Face à l’intensité de la guerre de l’information et son déluge de propagande, les médias locaux jouissent d’un statut particulier auprès de la population. Selon Oksana Romaniouk, représentante de Reporters sans frontières en Ukraine et directrice d’IMI, ils “sont considérés comme des sources d’information fiables par la population des régions de l’est ukrainien, qui reçoit des messages contradictoires de la part des médias nationaux russes et ukrainiens. (Les médias locaux) locaux s’expriment dans la langue de la région, la population leur fait davantage confiance, les a fait siens depuis longtemps.” En raison même de ce statut, ils sont devenus un enjeu décisif pour les rebelles anti-Kiev, soucieux de s’assurer le soutien de la population.
« Les médias locaux sont en première ligne face au règne des milices armées et à la montée des tensions dans l’est ukrainien, souligne Johann Bihr, responsable du bureau Europe de l’Est et Asie centrale de Reporters sans frontières. Immergés dans la vie locale, ils y jouent un rôle d’information essentiel mais sont d’autant plus vulnérables face aux pressions. Les autorités auto-proclamées et opposées au gouvernement de Kiev, en particulier, s’efforcent de réduire au silence toute voix critique dans les zones qu’ils contrôlent. Sous le poids des menaces, un nombre croissant de journalistes locaux sont désormais contraints de s’autocensurer, de se cacher, voire de fuir pour se protéger. »

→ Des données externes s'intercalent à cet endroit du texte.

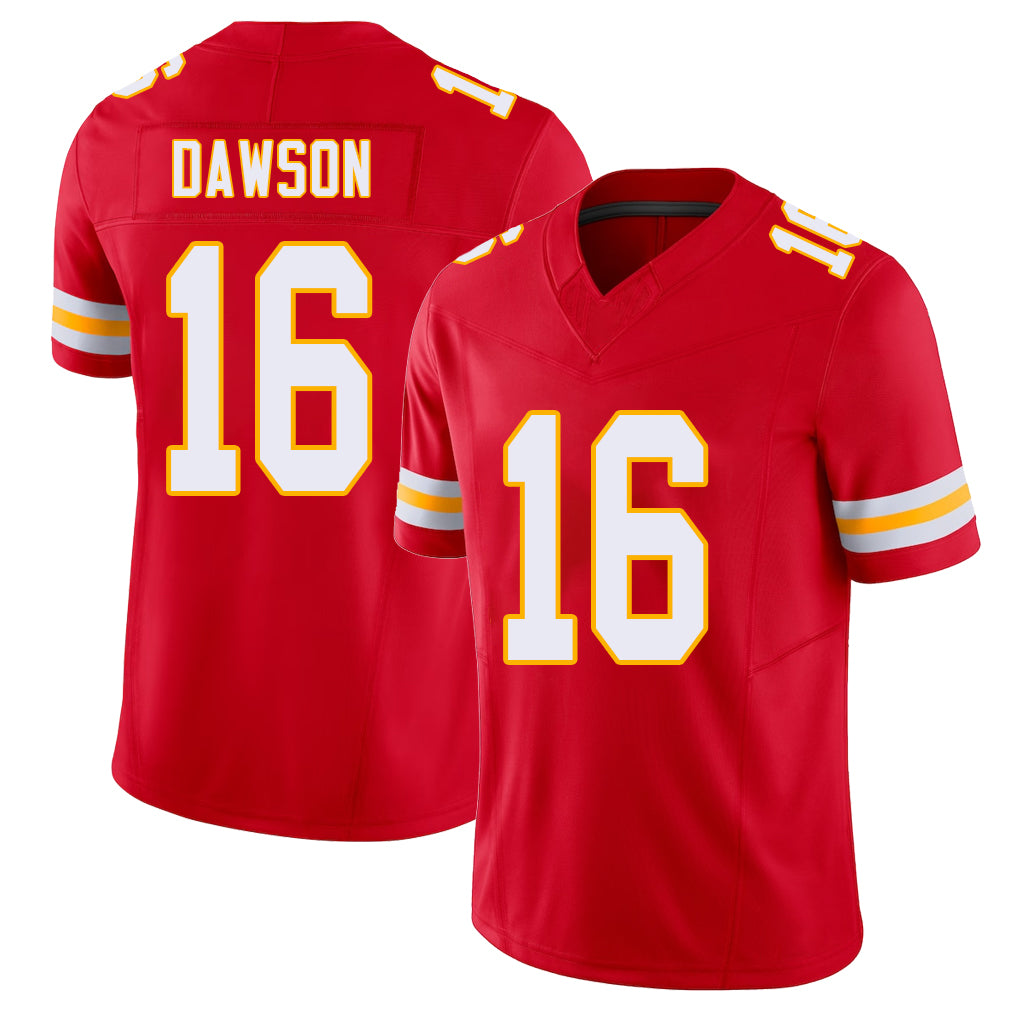 Kansas City #16 Dawson Player Football V Neck Short Sleeve Red Jersey Len For Men Youth Women Gift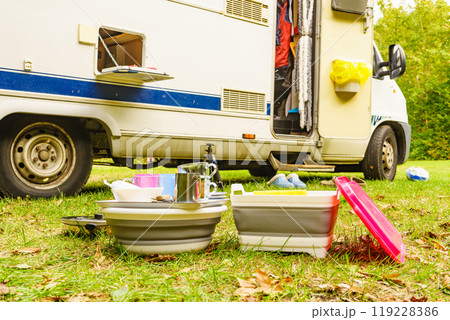 Clean dishes drying on fresh air, camping outdoor Clean dishes drying on fresh air, camping outdoor 119228386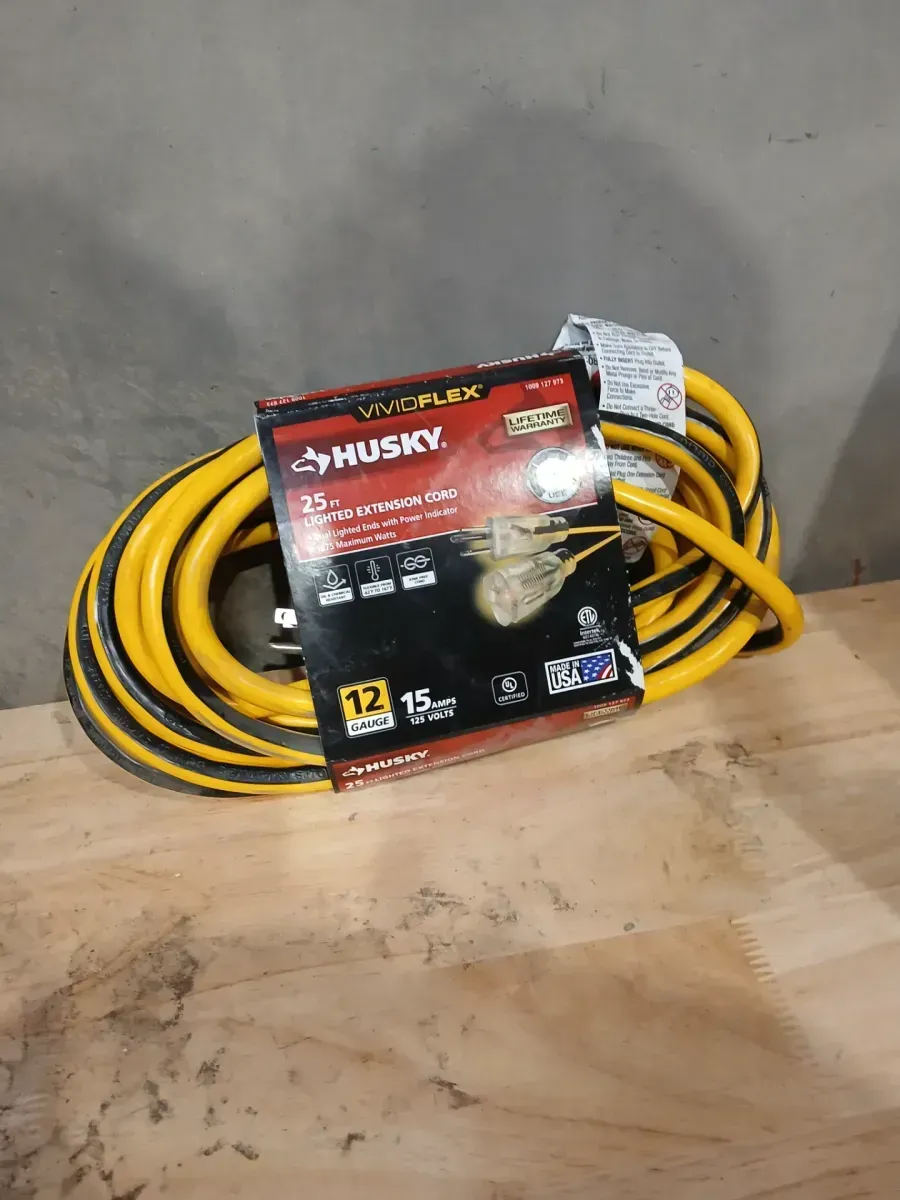 Husky VividFlex 25 ft. 14/3 Gauge Medium Duty Indoor/Outdoor Extension Cord with Lighted End, Yellow - image 2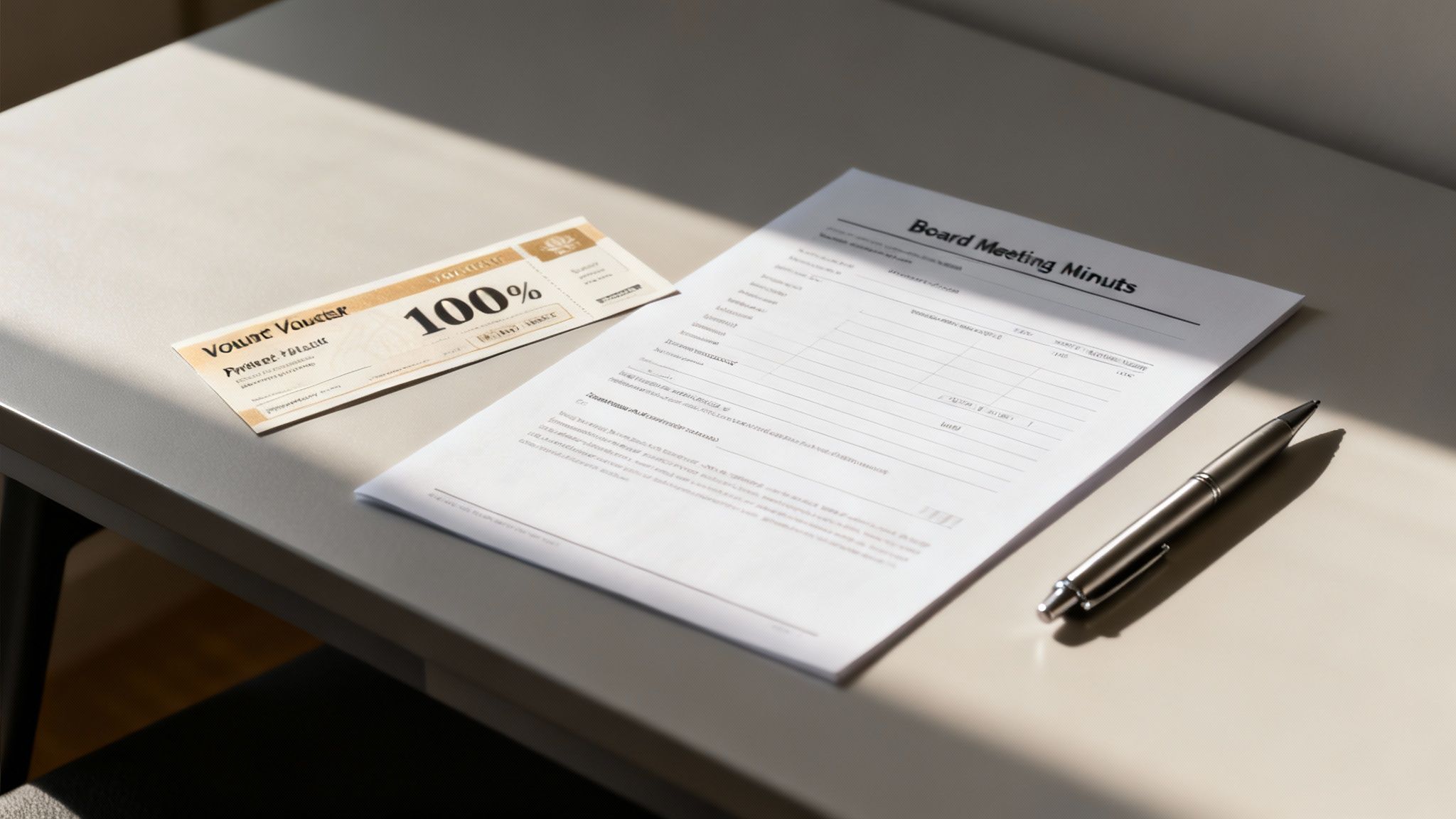 A person signing official documents at a desk, symbolising the legal paperwork required for dividend payments.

« Nous réitérons notre appel à toutes les parties pour qu’elles respectent le travail des médias et s’abstiennent de toute attaque. L’existence d’un paysage médiatique local pluriel, fournissant une information fiable et reflétant la diversité des points de vue de la société est indispensable à l’élaboration d’une solution politique durable à la situation dans l’est ukrainien », ajoute-t-il.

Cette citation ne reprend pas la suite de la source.